━━━ Dataset entries ━━━
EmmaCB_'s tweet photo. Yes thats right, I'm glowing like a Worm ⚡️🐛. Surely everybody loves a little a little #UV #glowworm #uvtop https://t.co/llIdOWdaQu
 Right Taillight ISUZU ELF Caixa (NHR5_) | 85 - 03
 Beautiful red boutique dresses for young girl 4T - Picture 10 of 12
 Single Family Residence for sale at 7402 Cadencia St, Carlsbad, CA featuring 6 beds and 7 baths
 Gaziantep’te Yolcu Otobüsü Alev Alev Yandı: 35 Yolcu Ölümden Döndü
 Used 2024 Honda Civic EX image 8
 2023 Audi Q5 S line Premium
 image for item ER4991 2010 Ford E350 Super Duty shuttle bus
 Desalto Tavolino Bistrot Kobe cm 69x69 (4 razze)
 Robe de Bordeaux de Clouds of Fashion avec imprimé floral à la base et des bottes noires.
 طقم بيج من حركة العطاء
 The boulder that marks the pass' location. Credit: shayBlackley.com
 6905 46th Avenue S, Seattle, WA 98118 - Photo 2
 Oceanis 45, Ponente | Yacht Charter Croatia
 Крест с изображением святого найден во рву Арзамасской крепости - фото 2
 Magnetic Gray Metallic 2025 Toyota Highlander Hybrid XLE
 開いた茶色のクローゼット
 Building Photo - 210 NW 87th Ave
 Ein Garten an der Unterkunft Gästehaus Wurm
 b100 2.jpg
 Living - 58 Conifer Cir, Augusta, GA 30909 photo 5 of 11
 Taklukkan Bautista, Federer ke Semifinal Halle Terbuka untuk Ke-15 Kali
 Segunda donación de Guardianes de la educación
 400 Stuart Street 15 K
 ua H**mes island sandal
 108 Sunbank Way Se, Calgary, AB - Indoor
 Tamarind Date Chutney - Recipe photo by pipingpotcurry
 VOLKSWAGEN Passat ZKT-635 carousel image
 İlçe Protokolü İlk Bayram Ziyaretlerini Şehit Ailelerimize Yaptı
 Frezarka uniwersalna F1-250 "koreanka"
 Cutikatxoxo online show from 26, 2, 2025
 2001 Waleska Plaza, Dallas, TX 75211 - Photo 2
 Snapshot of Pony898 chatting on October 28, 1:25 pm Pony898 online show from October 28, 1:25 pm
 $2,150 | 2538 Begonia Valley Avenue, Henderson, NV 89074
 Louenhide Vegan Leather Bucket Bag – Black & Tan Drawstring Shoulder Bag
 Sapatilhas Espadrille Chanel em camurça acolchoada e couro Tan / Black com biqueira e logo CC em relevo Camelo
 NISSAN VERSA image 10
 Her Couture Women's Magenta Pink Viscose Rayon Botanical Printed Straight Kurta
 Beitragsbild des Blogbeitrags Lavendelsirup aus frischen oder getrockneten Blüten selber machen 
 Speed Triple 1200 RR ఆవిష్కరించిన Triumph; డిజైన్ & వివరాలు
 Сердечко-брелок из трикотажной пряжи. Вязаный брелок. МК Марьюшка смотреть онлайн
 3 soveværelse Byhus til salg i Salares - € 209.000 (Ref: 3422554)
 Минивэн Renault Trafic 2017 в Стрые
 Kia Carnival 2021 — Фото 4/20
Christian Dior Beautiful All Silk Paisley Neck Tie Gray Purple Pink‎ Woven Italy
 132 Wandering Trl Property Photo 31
━━━
Work item | For this exercise, output the records in full, exactly.

Result below |
EmmaCB_'s tweet photo. Yes thats right, I'm glowing like a Worm ⚡️🐛. Surely everybody loves a little a little #UV #glowworm #uvtop https://t.co/llIdOWdaQu
 Right Taillight ISUZU ELF Caixa (NHR5_) | 85 - 03
 Beautiful red boutique dresses for young girl 4T - Picture 10 of 12
 Single Family Residence for sale at 7402 Cadencia St, Carlsbad, CA featuring 6 beds and 7 baths
 Gaziantep’te Yolcu Otobüsü Alev Alev Yandı: 35 Yolcu Ölümden Döndü
 Used 2024 Honda Civic EX image 8
 2023 Audi Q5 S line Premium
 image for item ER4991 2010 Ford E350 Super Duty shuttle bus
 Desalto Tavolino Bistrot Kobe cm 69x69 (4 razze)
 Robe de Bordeaux de Clouds of Fashion avec imprimé floral à la base et des bottes noires.
 طقم بيج من حركة العطاء
 The boulder that marks the pass' location. Credit: shayBlackley.com
 6905 46th Avenue S, Seattle, WA 98118 - Photo 2
 Oceanis 45, Ponente | Yacht Charter Croatia
 Крест с изображением святого найден во рву Арзамасской крепости - фото 2
 Magnetic Gray Metallic 2025 Toyota Highlander Hybrid XLE
 開いた茶色のクローゼット
 Building Photo - 210 NW 87th Ave
 Ein Garten an der Unterkunft Gästehaus Wurm
 b100 2.jpg
 Living - 58 Conifer Cir, Augusta, GA 30909 photo 5 of 11
 Taklukkan Bautista, Federer ke Semifinal Halle Terbuka untuk Ke-15 Kali
 Segunda donación de Guardianes de la educación
 400 Stuart Street 15 K
 ua H**mes island sandal
 108 Sunbank Way Se, Calgary, AB - Indoor
 Tamarind Date Chutney - Recipe photo by pipingpotcurry
 VOLKSWAGEN Passat ZKT-635 carousel image
 İlçe Protokolü İlk Bayram Ziyaretlerini Şehit Ailelerimize Yaptı
 Frezarka uniwersalna F1-250 "koreanka"
 Cutikatxoxo online show from 26, 2, 2025
 2001 Waleska Plaza, Dallas, TX 75211 - Photo 2
 Snapshot of Pony898 chatting on October 28, 1:25 pm Pony898 online show from October 28, 1:25 pm
 $2,150 | 2538 Begonia Valley Avenue, Henderson, NV 89074
 Louenhide Vegan Leather Bucket Bag – Black & Tan Drawstring Shoulder Bag
 Sapatilhas Espadrille Chanel em camurça acolchoada e couro Tan / Black com biqueira e logo CC em relevo Camelo
 NISSAN VERSA image 10
 Her Couture Women's Magenta Pink Viscose Rayon Botanical Printed Straight Kurta
 Beitragsbild des Blogbeitrags Lavendelsirup aus frischen oder getrockneten Blüten selber machen 
 Speed Triple 1200 RR ఆవిష్కరించిన Triumph; డిజైన్ & వివరాలు
 Сердечко-брелок из трикотажной пряжи. Вязаный брелок. МК Марьюшка смотреть онлайн
 3 soveværelse Byhus til salg i Salares - € 209.000 (Ref: 3422554)
 Минивэн Renault Trafic 2017 в Стрые
 Kia Carnival 2021 — Фото 4/20
Christian Dior Beautiful All Silk Paisley Neck Tie Gray Purple Pink‎ Woven Italy
 132 Wandering Trl Property Photo 31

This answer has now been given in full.